Sobald aber die Regierung eingesehen hatte, dass die Erörterung der Frage, wie den inneren Unruhen beizukommen sei, in vielen Versammlungen zur Abfassung solcher und ähnlicher Adressen führe, beeilte sie sich, Maßnahmen zu treffen, um diesen Vorgängen eine Schranke zu setzen. Die Vorsitzenden der Gouvernementsversammlungen, d. h. die Gouvernementsadelsmarschälle, wurden angewiesen, die Beratung derartiger Fragen, geschweige denn die Einreichung entsprechender Adressen zu untersagen. Daneben ließ die Regierung einige der Semstwoliberalen festnehmen und verbannen.

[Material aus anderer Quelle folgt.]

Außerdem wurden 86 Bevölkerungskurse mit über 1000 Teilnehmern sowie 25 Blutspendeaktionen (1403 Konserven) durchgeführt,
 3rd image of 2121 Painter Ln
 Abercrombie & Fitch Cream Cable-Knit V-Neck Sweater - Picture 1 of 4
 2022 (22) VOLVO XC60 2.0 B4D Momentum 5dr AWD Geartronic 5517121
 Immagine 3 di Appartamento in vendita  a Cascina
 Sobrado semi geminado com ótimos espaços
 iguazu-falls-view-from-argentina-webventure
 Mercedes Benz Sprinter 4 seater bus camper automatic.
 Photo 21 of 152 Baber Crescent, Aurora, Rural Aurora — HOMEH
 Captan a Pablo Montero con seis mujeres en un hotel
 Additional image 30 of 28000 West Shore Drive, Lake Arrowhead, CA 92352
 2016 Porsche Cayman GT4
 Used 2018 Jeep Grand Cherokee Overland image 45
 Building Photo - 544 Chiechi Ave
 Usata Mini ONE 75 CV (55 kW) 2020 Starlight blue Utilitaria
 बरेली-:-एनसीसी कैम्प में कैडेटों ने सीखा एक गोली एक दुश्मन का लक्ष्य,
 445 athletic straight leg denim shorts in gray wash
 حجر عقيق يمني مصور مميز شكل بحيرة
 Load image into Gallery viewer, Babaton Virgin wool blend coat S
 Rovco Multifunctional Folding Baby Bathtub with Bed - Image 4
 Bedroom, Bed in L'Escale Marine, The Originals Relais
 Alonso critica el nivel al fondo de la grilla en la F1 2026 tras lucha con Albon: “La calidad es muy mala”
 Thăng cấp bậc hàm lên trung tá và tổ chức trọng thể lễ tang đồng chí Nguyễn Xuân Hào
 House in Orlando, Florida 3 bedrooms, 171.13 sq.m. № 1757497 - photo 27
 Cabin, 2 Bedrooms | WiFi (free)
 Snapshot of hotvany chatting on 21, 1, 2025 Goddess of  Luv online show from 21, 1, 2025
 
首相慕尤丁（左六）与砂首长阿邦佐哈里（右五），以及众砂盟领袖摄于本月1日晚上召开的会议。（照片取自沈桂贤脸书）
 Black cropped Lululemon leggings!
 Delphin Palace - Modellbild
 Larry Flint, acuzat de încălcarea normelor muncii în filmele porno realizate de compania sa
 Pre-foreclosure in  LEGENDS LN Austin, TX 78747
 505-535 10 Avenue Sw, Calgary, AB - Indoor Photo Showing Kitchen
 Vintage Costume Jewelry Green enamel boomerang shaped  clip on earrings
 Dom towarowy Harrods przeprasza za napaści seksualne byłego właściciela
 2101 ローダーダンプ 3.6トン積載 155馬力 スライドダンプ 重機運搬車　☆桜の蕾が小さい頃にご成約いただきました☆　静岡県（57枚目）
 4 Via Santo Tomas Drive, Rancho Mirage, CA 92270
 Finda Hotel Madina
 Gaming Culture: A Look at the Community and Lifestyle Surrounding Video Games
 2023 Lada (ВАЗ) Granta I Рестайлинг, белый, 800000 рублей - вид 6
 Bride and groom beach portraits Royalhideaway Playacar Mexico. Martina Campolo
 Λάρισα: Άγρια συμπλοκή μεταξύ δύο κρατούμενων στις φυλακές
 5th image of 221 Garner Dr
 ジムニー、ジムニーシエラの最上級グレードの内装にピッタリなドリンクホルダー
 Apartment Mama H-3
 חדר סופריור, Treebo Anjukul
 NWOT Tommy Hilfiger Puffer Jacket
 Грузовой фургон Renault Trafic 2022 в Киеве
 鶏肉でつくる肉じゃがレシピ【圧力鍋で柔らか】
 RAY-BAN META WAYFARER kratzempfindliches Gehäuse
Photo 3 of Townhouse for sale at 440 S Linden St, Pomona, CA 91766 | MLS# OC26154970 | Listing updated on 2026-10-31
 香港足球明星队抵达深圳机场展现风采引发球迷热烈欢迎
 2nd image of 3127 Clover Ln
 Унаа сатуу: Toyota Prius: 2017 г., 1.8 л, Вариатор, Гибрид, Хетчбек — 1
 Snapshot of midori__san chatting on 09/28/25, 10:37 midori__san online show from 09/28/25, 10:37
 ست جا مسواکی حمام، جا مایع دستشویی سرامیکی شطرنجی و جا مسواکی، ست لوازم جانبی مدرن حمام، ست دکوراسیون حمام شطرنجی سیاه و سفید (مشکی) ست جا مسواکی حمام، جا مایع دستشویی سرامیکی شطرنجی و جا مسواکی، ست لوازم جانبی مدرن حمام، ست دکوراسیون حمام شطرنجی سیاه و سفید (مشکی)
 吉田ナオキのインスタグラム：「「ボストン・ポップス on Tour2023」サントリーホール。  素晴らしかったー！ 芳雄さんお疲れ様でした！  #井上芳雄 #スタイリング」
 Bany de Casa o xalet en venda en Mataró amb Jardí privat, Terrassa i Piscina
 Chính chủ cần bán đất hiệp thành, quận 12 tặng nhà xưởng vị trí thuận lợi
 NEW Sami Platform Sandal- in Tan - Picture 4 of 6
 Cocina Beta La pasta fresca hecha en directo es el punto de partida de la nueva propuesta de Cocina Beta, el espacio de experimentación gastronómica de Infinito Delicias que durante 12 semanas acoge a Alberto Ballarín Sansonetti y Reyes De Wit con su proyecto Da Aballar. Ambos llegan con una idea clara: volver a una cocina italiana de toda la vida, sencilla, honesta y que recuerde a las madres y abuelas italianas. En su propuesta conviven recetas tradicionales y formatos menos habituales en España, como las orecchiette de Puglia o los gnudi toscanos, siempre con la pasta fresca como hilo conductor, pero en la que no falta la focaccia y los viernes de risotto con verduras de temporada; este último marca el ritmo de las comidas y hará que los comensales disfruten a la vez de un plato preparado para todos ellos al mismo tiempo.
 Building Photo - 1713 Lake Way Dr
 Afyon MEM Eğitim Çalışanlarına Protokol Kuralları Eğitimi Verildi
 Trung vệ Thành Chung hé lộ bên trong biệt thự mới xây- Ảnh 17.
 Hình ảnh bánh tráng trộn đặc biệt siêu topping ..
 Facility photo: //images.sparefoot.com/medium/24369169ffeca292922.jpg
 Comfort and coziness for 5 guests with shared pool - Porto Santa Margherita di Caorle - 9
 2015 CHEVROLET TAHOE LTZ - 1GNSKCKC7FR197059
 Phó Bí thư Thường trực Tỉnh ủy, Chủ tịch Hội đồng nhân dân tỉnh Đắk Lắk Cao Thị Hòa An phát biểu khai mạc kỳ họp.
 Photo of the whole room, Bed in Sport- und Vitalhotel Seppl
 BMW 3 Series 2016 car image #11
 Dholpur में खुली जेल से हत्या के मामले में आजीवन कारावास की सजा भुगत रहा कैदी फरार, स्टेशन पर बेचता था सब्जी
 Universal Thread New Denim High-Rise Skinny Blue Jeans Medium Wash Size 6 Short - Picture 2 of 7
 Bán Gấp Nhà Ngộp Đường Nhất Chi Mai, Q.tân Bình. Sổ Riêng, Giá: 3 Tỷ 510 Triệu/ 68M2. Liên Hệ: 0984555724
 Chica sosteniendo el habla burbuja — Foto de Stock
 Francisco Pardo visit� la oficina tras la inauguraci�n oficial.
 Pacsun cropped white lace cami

Allein die liberale Bewegung wurde dadurch nicht hintangehalten. Mit der Ernennung des Grafen Loris-Melikow zum Minister des Inneren schienen einige Maßnahmen der Regierung der Absicht einer Schwächung der Reaktion zu gelten und von größerem Vertrauen zu den gesellschaftlichen Instituten zu zeugen. Diese eigentlich ganz unbestimmten Versprechungen suchten nun die Semstowliberalen sofort auszunutzen, und von allen Seiten wurde die Regierung mit Kundgebungen, Gesuchen, Resolutionen und dgl. überschüttet, die alle auf die Tendenz gestimmt waren, dass die herrschende Staatsform umgestaltet werden müsse, dass es notwendig sei, Vertreter des Volkes zur Gesetzgebung heranzuziehen. Völlig klare und entschiedene Kundgebungen für eine Verfassung gab es verhältnismäßig wenige, aber die Proteststimmung ist in den zahlreichen Semstwogesuchen und -Resolutionen durchwegs vernehmbar, wie auch die Forderung irgendwelcher Reformen in denselben immer wiederkehrt. In diese Zeit fällt auch die Diskussion über eine Reform der Bauerninstitute, die Gründung einer allständischen Wolost und einer kleineren Semstwozelle, wovon am Anfang des Kapitels Erwähnung getan wurde.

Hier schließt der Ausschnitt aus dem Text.